Popular atheist blogger PZ Myers is all excited about a book by Jeff Sharlet, The Family: The Secret Fundamentalism at the Heart of American Power. Turns out the paperback is doing incredibly well, No. 5 on Amazon, perhaps due to a sensational Bill Maher interview that PZ also links to. Sharlet is full of shocking revelations about the sinister Evangelical Christian power brokers behind the National Prayer Breakfast. Can you believe a word he says? No, you can’t. How do I know?
Because several years ago Jeff reviewed a book of mine in the Washington Post. It was a witless review but more to the point, he tried to show he’d read my first book, The Lord Will Gather Me In, and described an episode in it that anyone who’s read the earlier book will remember. But Sharlet couldn’t even read a book, or a read about a book, and report accurately what was in it. He mangled the story in such a way that I appeared to be an insane victim of self-mutilation mania. For the sake of good taste, I won’t go further than that except to say that a lawyer friend after the fact told me I should have considered suing the guy. So FYI, this is how competent a journalist Jeff Sharlet is.

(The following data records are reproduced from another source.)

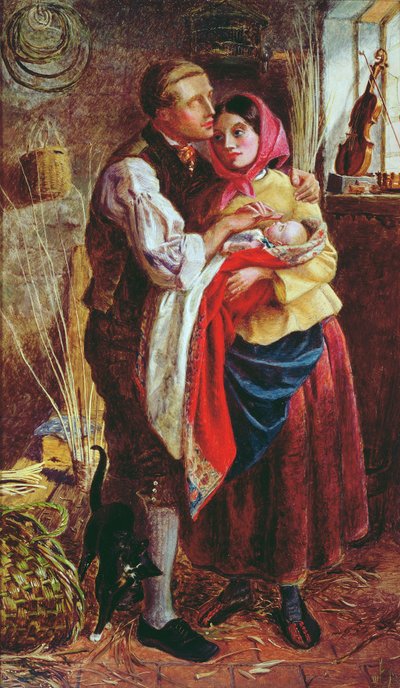 El ciego fabricante de cestas con su primer hijo, 1858 de Michael Frederick Halliday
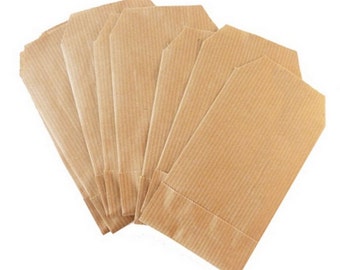 X 100 Mini Sachets en papier kraft 7 x 12 cm- Pochettes cadeaux kraft - Idéal cadeaux d'invités - Mariage, Baptême,Boutique, Emballage
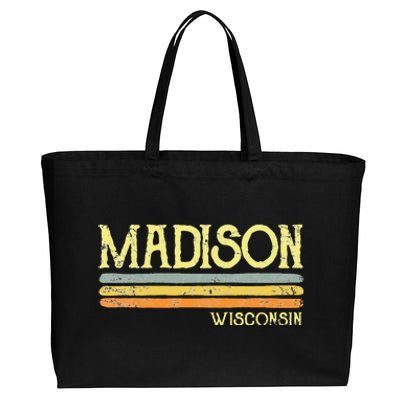 Madison Wisconsin Wi Love Gift Souvenir Cotton Canvas Jumbo Tote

posted August 2, 2009 at 6:38 am
Impugn another journalist’s credibility, but don’t quote what he said, in fact don’t even link to what he said, or explain why what he said wasn’t true.
No, just a blanket statement that he’s a liar will do. Throw in the name of a prominent atheist while you’re at it.
Can I link to what he said, or will you “unpublish” my comment?
posted August 2, 2009 at 6:44 am
So I’m looking at reviews of “The Lord Will Gather Me In” and they all seem to describe this incident in much the same way. Maybe they are all copying from each other.
posted August 2, 2009 at 6:52 am
Here’s an excerpt; but maybe you didn’t write it?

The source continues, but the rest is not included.